Ted Grimsrud—June 30, 2021
I can’t be sure, because I never made a record of it, but as near as I can figure, 50 years ago today is when I self-consciously made a decision to become a Christian. My self-conscious identity changed at that moment. Every day in my life since then has been shaped by that choice even as my understanding of what actually happened in those moments has evolved a great deal.
My question for today is whether it was a good choice. I am basically pleased with the trajectory my life has taken. Thinking of myself as a Christian has from June 30, 1971, to today given my life meaning and direction (for better or worse, but mostly better it still seems). I’m grateful for the people who have entered my life over the years due to my engagement in Christian communities. I have had meaningful educational and work experiences that I owe to this engagement.
At the same time, my sense of confidence in the intellectual validity of Christian teachings is lower than it has ever been. And this matters for me, because my entry and on-going participation in the Christian world has always been a choice based to a large extent on my convictions. I didn’t grow up in the church. Some branches of my extended family were active church people (including numerous pastors), but those never lived nearby and were never influential in my life.
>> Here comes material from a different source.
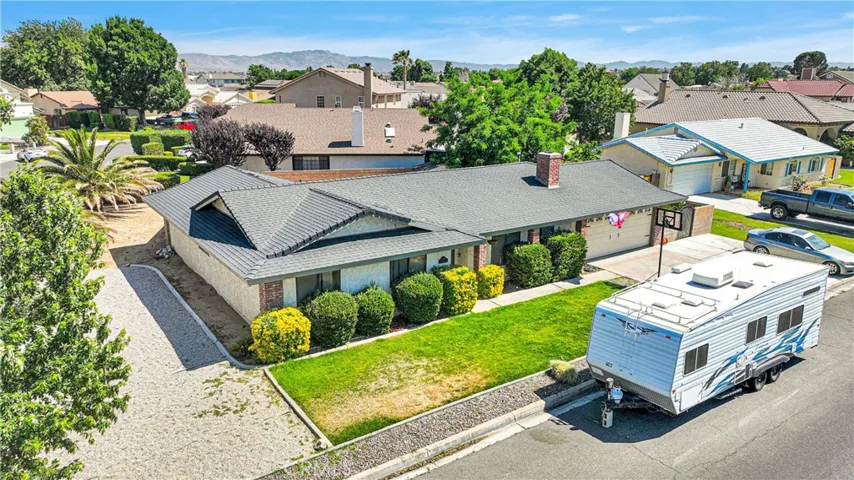 18585 Catamaran Lane, Victorville, California 92395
I’ve never had the “it’s in my bones” kind of pull to be a Christian that many of my friends do—something that keeps quite a few them within the circle of faith.
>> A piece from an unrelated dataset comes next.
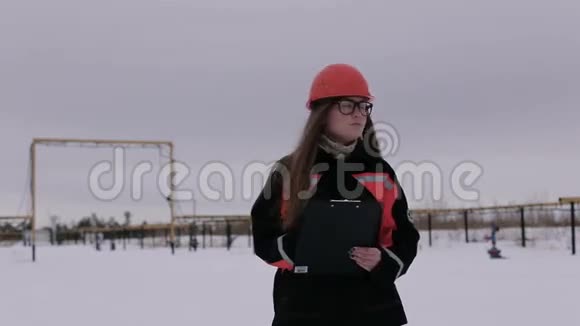 在油田工作的女工程师视频的预览图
What are the main concerns?
The roots of my dis-ease go back to the very motivations that drove me to take the step of faith to begin with. My burning passion was to understand the truth. It was that simple. Through reflections on my experiences in life and through conversations with a close friend, I came to sense that the Christian message was true. That to know the truth meant to take the step of (in the language I was taught at the time) “accepting Jesus as my personal savior.” But my “need” was never to feel forgiven or to be “saved” from anything. I never feared death or condemnation. I just wanted to understand the world I lived in and to move toward the truth (whatever that might be).
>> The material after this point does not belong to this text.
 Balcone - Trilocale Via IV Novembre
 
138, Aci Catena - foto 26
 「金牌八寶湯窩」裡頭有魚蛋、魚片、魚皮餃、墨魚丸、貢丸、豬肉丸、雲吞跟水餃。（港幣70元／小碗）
It seems highly ironic now that I would have thought jumping into fundamentalist Christianity (the Bible Baptist Church) would have been a move toward the truth. I think the theological schema I was initially taught was profoundly untrue. However, I think there was always a core of something present that did point me in the right direction. The message of Jesus about love, restorative justice, and resistance to the domination system began to work on my heart from early on, even if it took several years for me to recognize it for what it was.